Quantifying Alternative Data Alpha Opportunities

February 26, 2018 02:29 PM

When we think of “quant” hedge funds, we often think of a room full of PhD’s and applied math nerds crunching vast amounts of data, creating algorithms and then delivering trade signals to make buy and sell orders in incredibly short timeframes. In theory, data mining traditional price and fundamental and trading flow data is no longer enough to produce consistent returns. Times are changing, fast. 

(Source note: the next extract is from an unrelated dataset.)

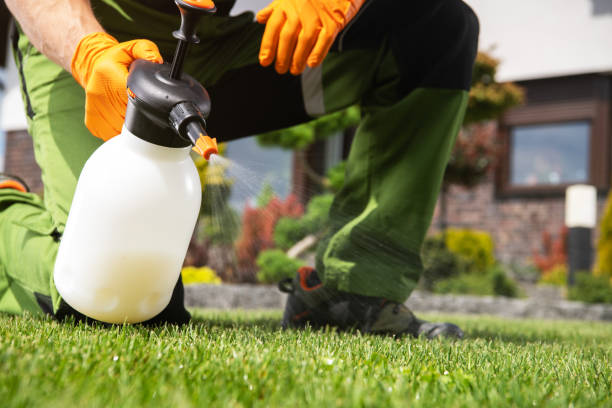 Best Flea Control Services  in Glade Spring, VA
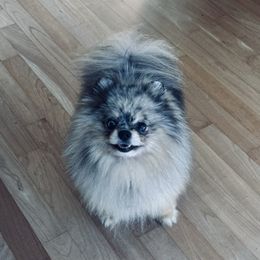 Scribbles - Pomeranian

Quant hedge funds are the R&D laboratory for the financial industry. Hedge fund research is where sophisticated new techniques are hatched and experiments are made. Some of these new strategies produce outsized returns and some are failures. The hope is that you find that pot-of-gold at the end of the rainbow. This is not R&D research to change the world or prevent a disease, but it could buy you a new house in the Hamptons.

The key word there is "laboratory." Literally, millions of signals can be generated from datasets before finding one that provides an edge. Hedge funds don’t use 98% of the quant research produced. Investors should appreciate the amount of failed experiments and the time it takes to produce alpha. 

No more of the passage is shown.